Justice: We never know when we or our loved ones might suffer from a serious disease or an injury. Most people cannot possibly save enough money to pay for their care if they are badly injured in a car crash, or their child is diagnosed with leukemia. Such events can bankrupt people and destroy their lives. That is why we have insurance – to spread risk, so that everyone pays an amount they can afford, and those of us who suffer misfortune are taken care of.

Last year, our old friend William Frist, M.D. (of the long distance diagnostic powers), in a lecture at the Massachusetts Medical Society, said, “We must agree on a guiding principle: all Americans deserve the security of lifelong, affordable access to high-quality health care." It's nice to have a principle that says people deserve it, but it's even nicer to have a plan that will give it to them. This Senator Frist does not have. His system of "consumer driven health care" is driven by consumers in the sense that they pay for it, out of their own pockets. People who earn more than $40,000 per year "should be encouraged, through changes in the tax policies, to buy themselves and their children high-deductible catastrophic insurance coverage." They would then pay for routine care through tax-free Health Savings Accounts (HSAs). Frist also wants to eliminate the tax policies that encourage employers to provide insurance. He says that the system of employer-provided health care "has been universally blamed by economists for inflating health care costs." However, the reference he gives says no such thing, and the assertion is false.

The truth is that economists blame our fragmented system for our high costs, but Frist's solution is to make it even more fragmented. The other wealthy countries spend much less on health care than we do, and get better results, because they have concentrated market power on the purchasing side, either single payer systems or multiple payers who work within budgets established by governments (e.g., Germany). By driving a bargain, they get lower prices for drugs, medical devices, etc. Also, in our complex system, each provider needs systems for billing dozens of different payers, while the payers have their own overhead and marketing expenses. A quarter of total U.S. health care spending is on administrative costs. Note that in our public insurance programs -- Medicare and Medicaid -- administrative costs are far less.

In the real world, the people who establish HSAs will mostly be healthy and wealthy. These people will no longer be in the pool for comprehensive insurance, the price of which will then rise. Although Frist appears to believe that insurance will be more "affordable" because of competition among providers and health plans, the fact is, they already compete in a market with many large, powerful corporate buyers. By phasing out employer-provided insurance, leaving individuals try to buy insurance on their own, this concentrated purchasing power will disappear. Frist's world is a jungle in which the fortunate will be rewarded and the rest of us will be unable to pay for health care.

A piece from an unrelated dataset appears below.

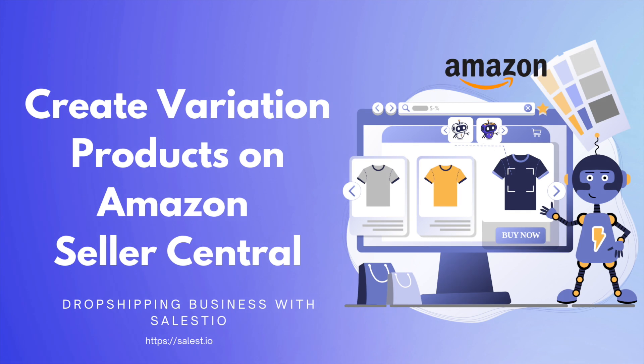Hello everyone! Today we would like to talk about creating a new product with variation directly on Amazon Seller Central.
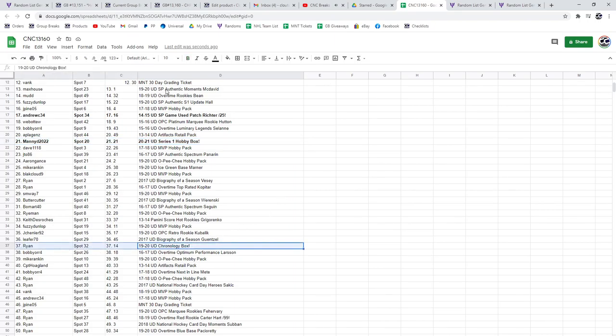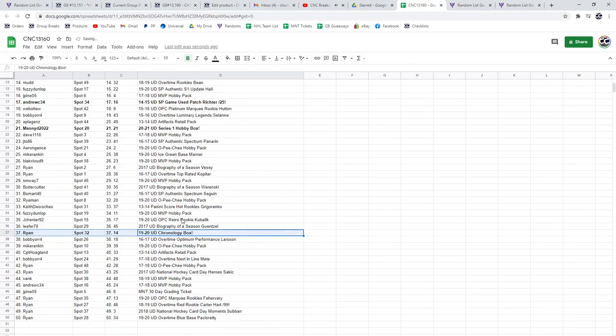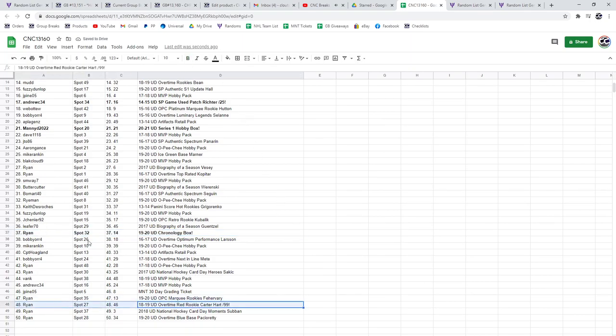The Chronology Box goes to Ryan. Congratulations. And the Carter Hart also to Ryan.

Medicine is not just a private good, it is also a public good, like park land, national defense, or law enforcement. It is in fact a mixed good, like education, benefiting both the individual and society. Hence, if we leave it up to the consumer to decide when and what to buy, the public good represented by medicine will be underproduced. Imagine if the "Ownership Society" included the elimination of public education -- the logic is the same.

Champions of market reform in health care have been getting away with proposing fiction as reality for far too long. Both theoretically and empirically, the key market assumptions described above have clearly been shown not to apply to health care. Let’s come back to earth and stop pretending that they do.